Extracted records

· · · · ·

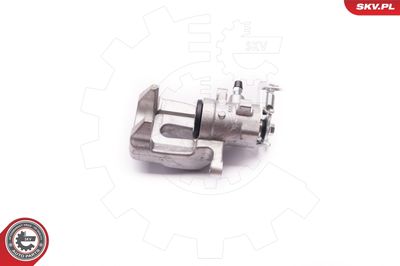 Brake Caliper 23SKV524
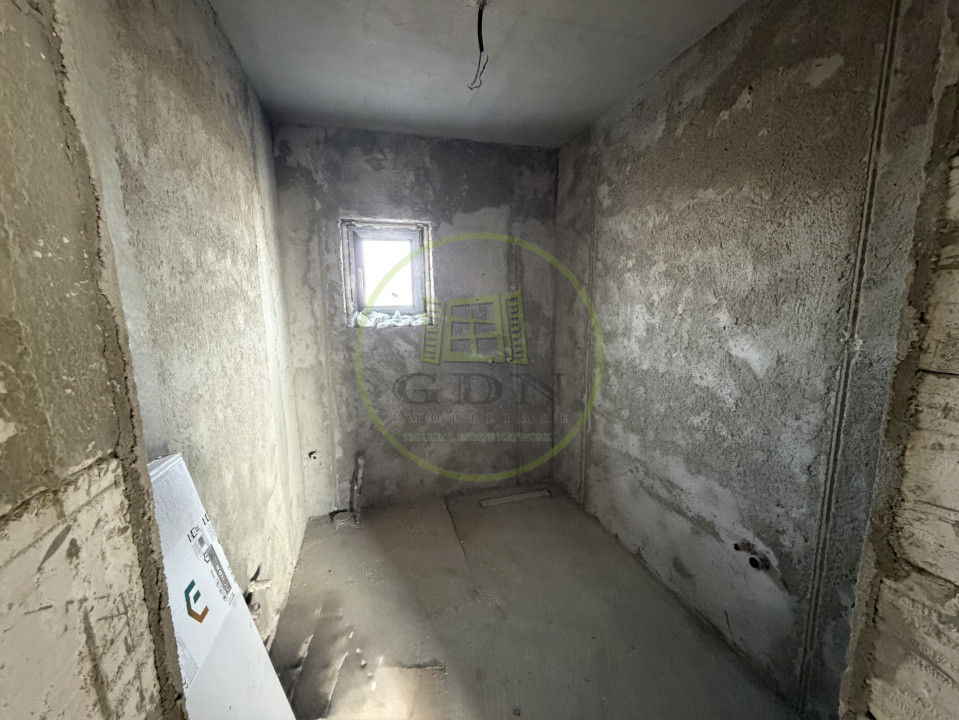 Casa parter, 96,93mp utili, teren 498mp, Preajba , zona Capsunarie
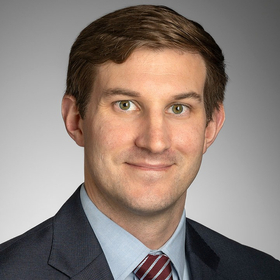 provider Edward C Oldfield, M.D.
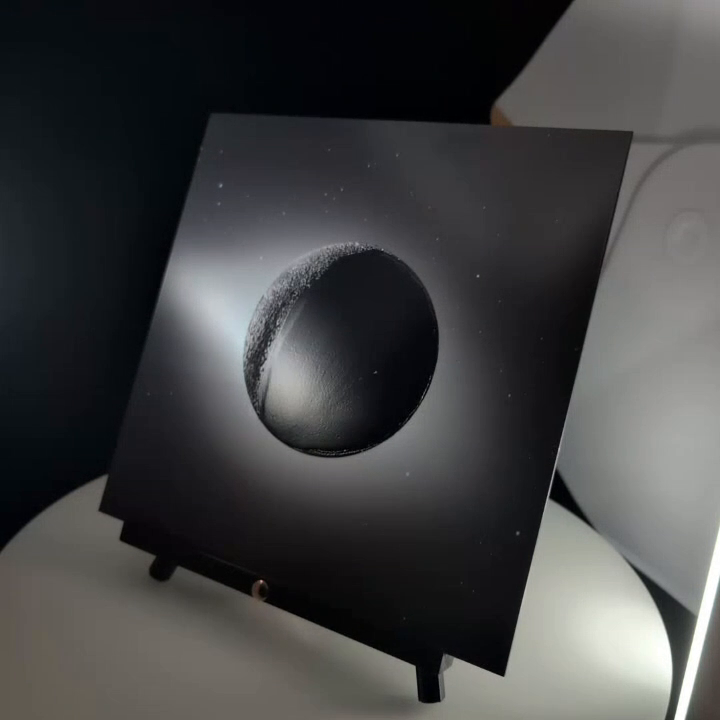 Eclipse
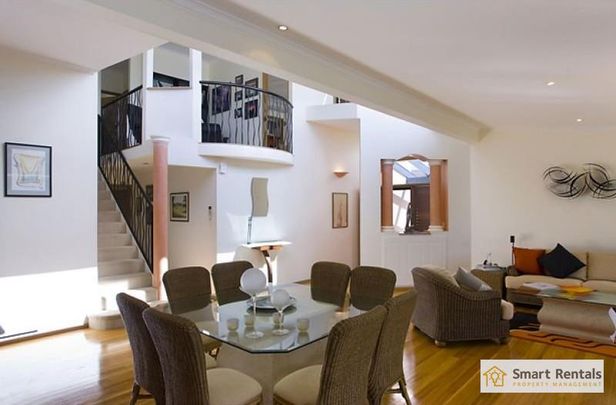 5 Milpera Retreat, Noosa Heads QLD 4567 - House For Rent | Domain - Photo 1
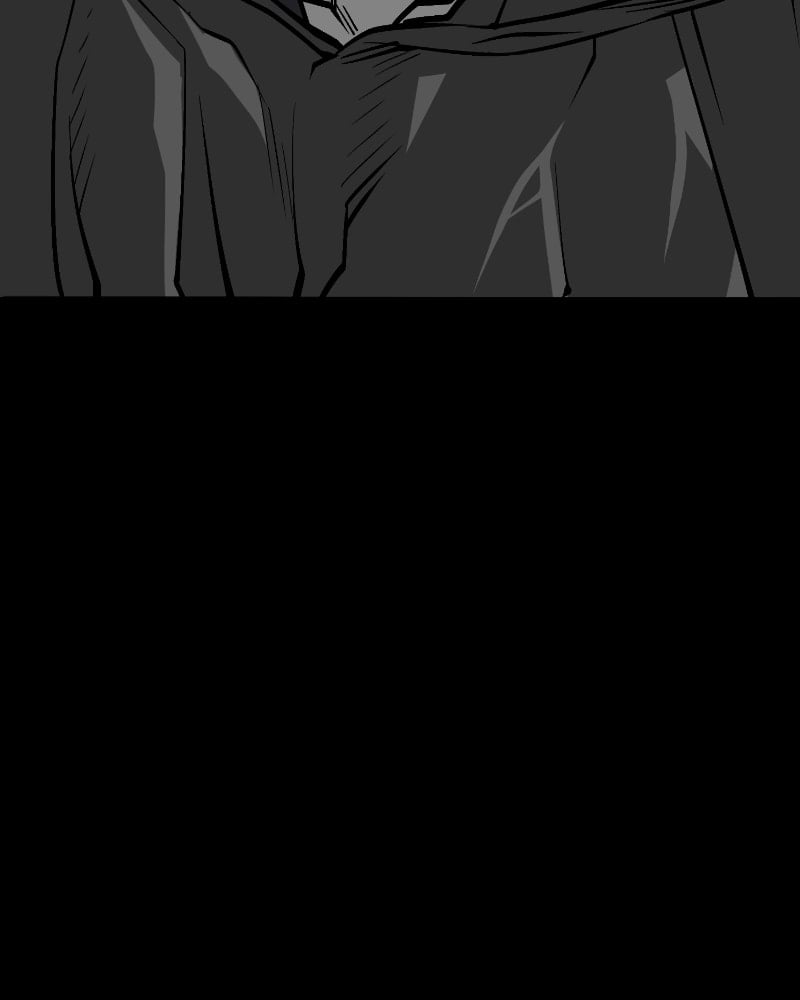 The Silent Warrior chapter 26 page 25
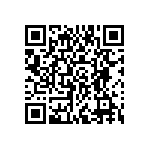 P51-500-S-C-I36-4-5OVP-000-000 QRCode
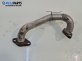EGR тръба за Mazda 3 Hatchback II (12.2008 - 09.2014) 2.2 MZR CD, 150 к.с.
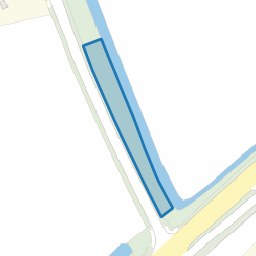 Perceel HTN01-K-1164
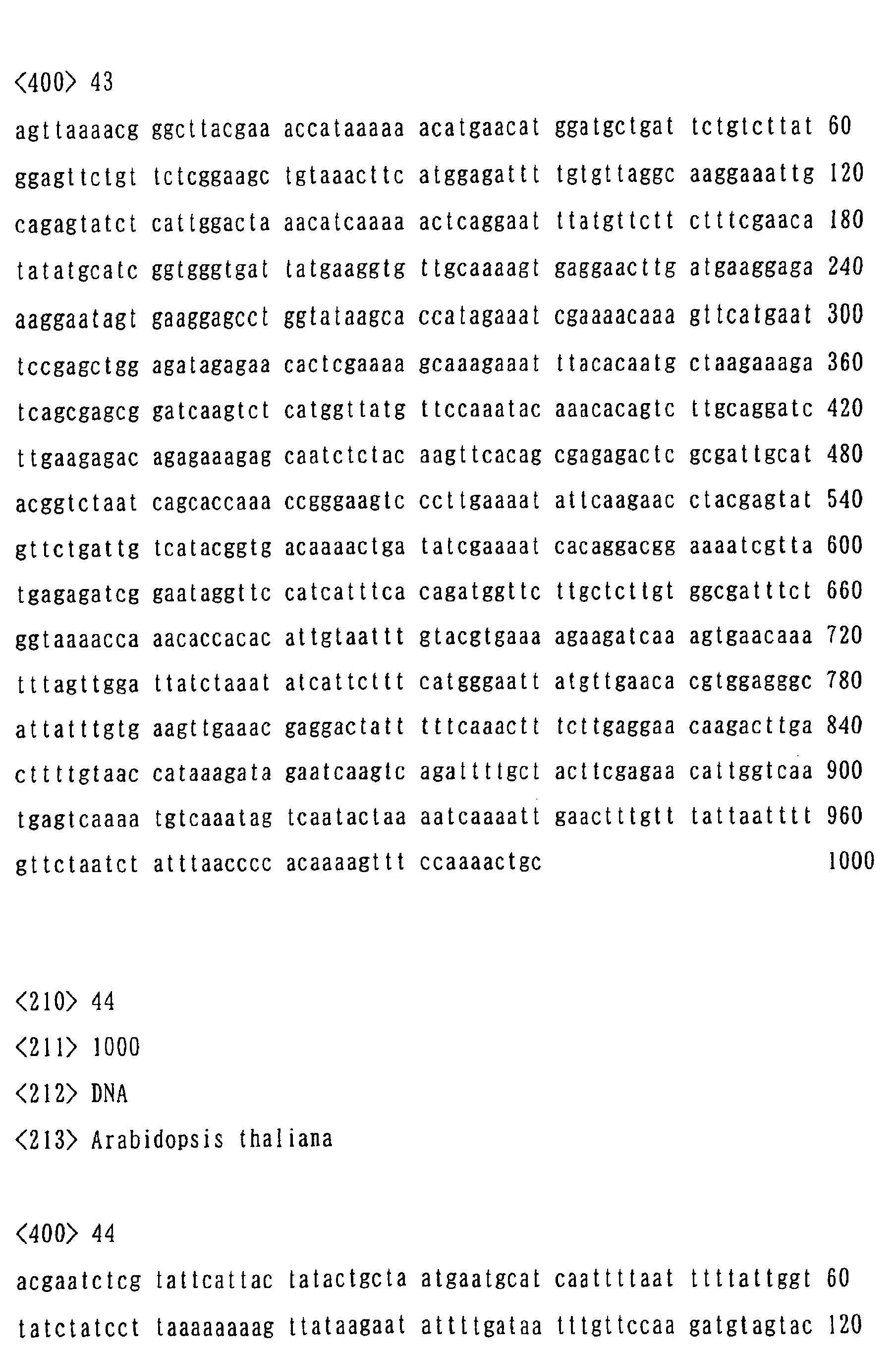 Figure 01030001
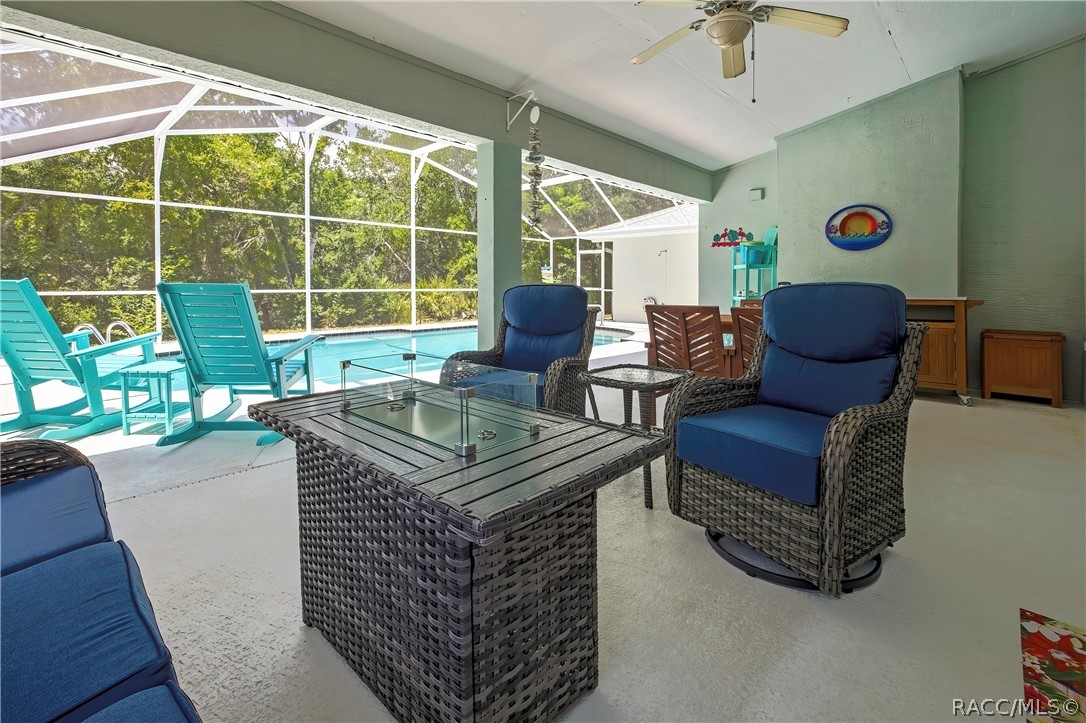 83 Oak Village Boulevard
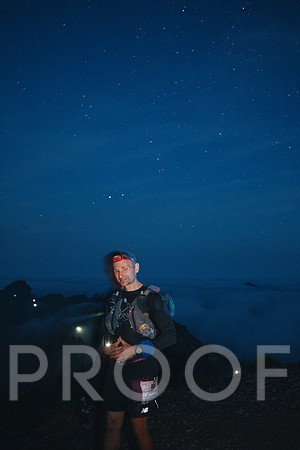 AW_BF26-5631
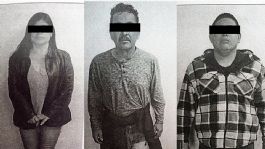 Foto que representa a Procesan a tres automovilistas involucrados en accidentes de tránsito en San Luis Río Colorado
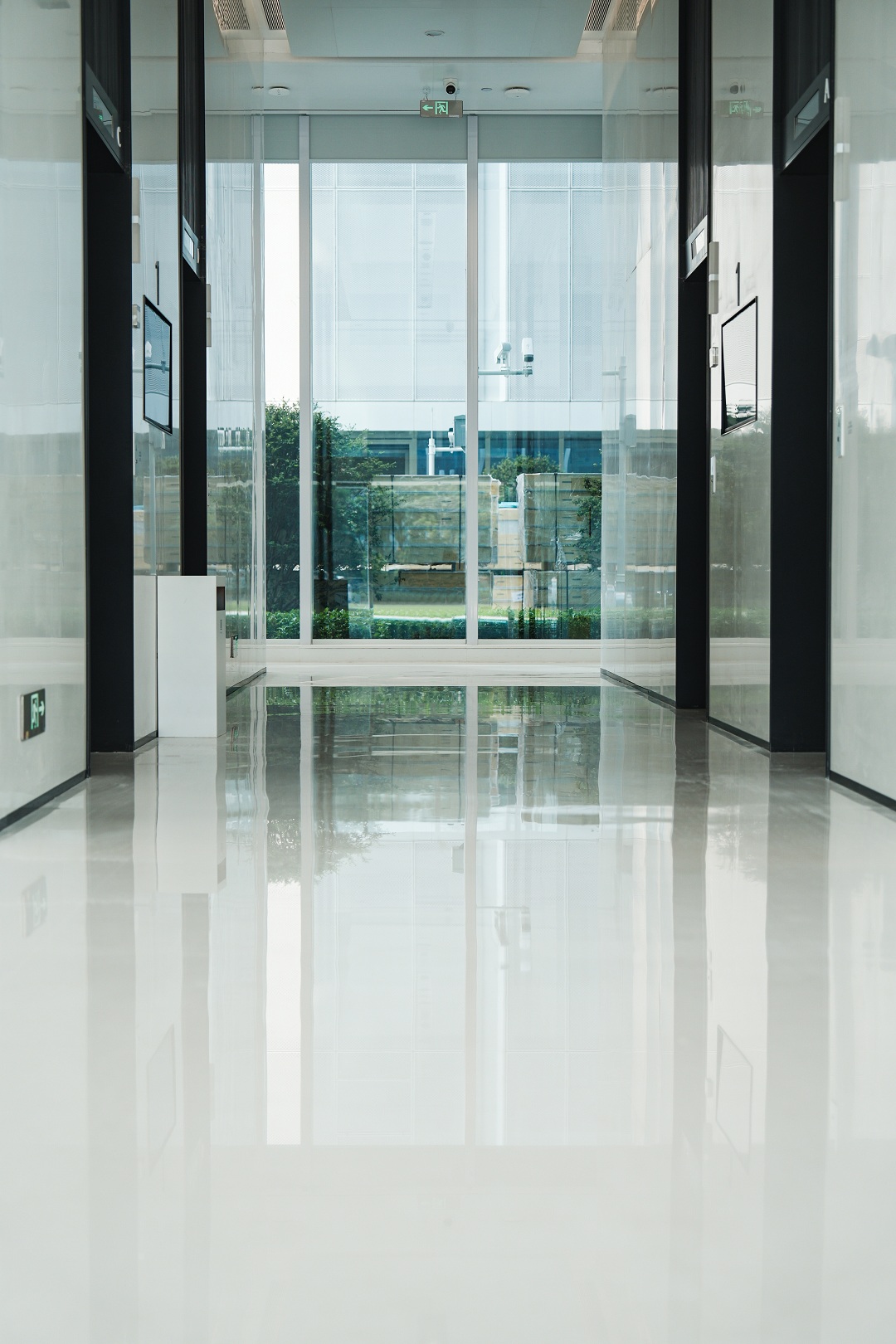 1757488071373593.jpg 13新.jpg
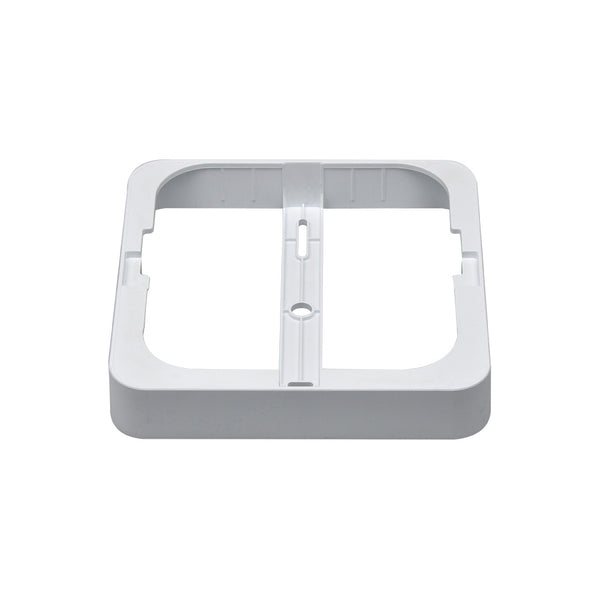 Camilla - Cornice di montaggio in superficie per art. 401112X (401120)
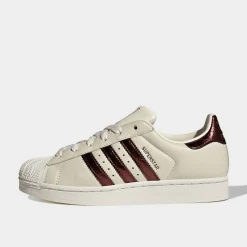 Superstar II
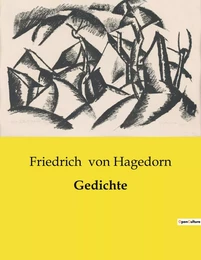 Gedichte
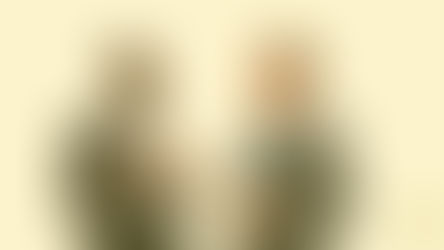 Dire les choses clairement sans créer de tension au travail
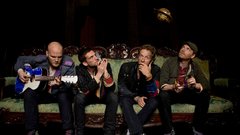 Stephan craneanscki high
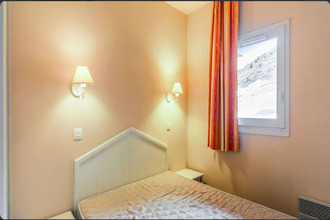  appartement valmeinier 73450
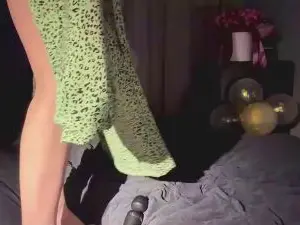 WendiCardimino  live sex cam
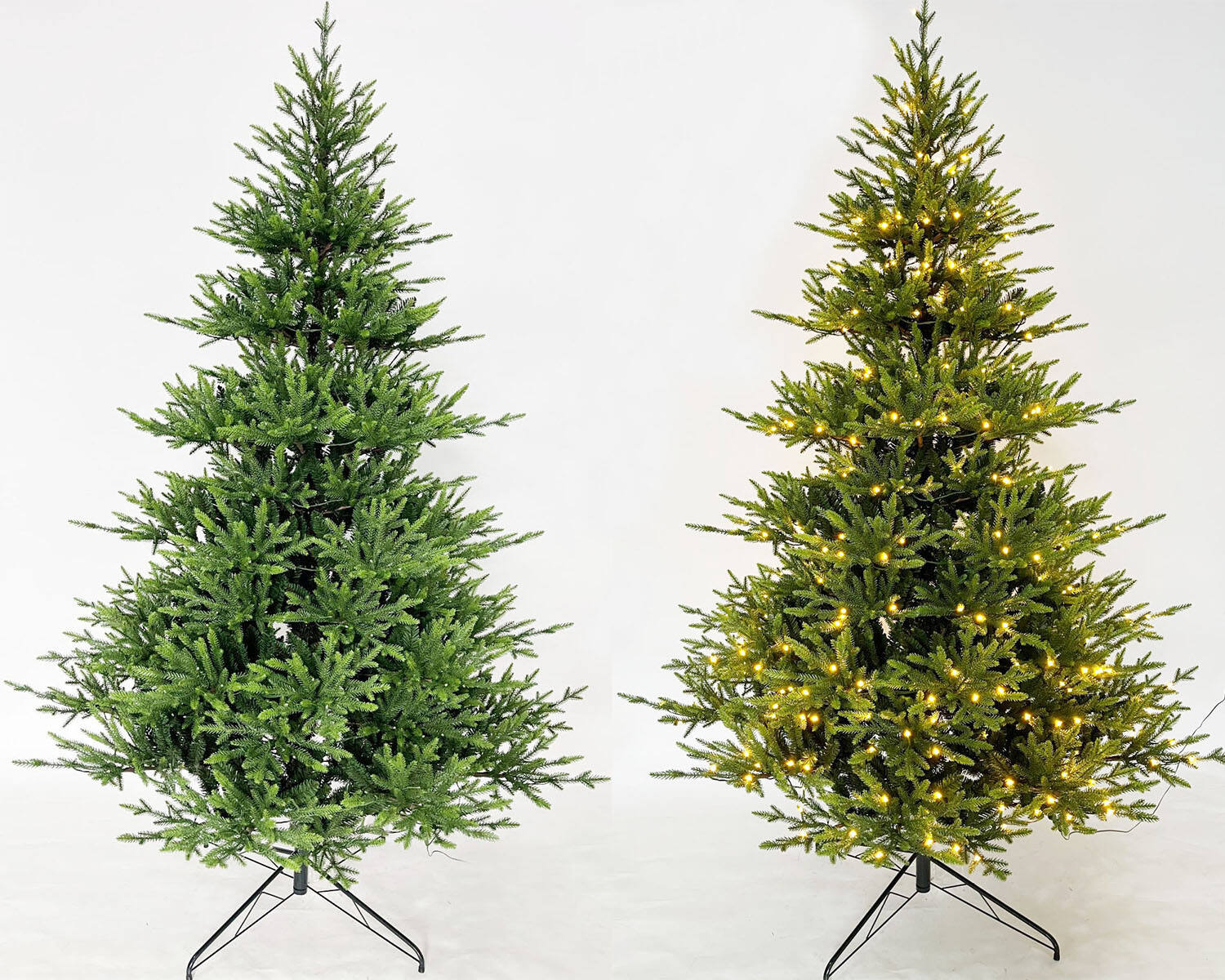 Yiwu Mali Tree Christmas Arts And Crafts Co., Ltd.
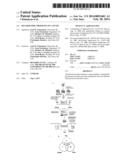 METABOLOMIC PROFILING OF CANCER diagram and image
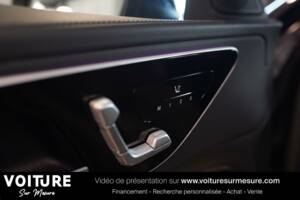 Imagen 10/16 de Mercedes-Benz C 220 d (2021)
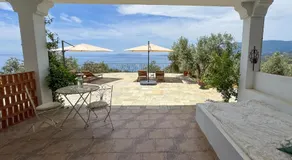 Villa Wishflower - Image 3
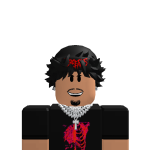 @lil_jailbreakgod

· · · · ·

What you set down should be exactly the lines from the line containing "Dire les choses" to the last line of the entries above, both included, with no pictures.

 Dire les choses clairement sans créer de tension au travail
 Stephan craneanscki high
  appartement valmeinier 73450
 WendiCardimino  live sex cam
 Yiwu Mali Tree Christmas Arts And Crafts Co., Ltd.
 METABOLOMIC PROFILING OF CANCER diagram and image
 Imagen 10/16 de Mercedes-Benz C 220 d (2021)
 Villa Wishflower - Image 3
 @lil_jailbreakgod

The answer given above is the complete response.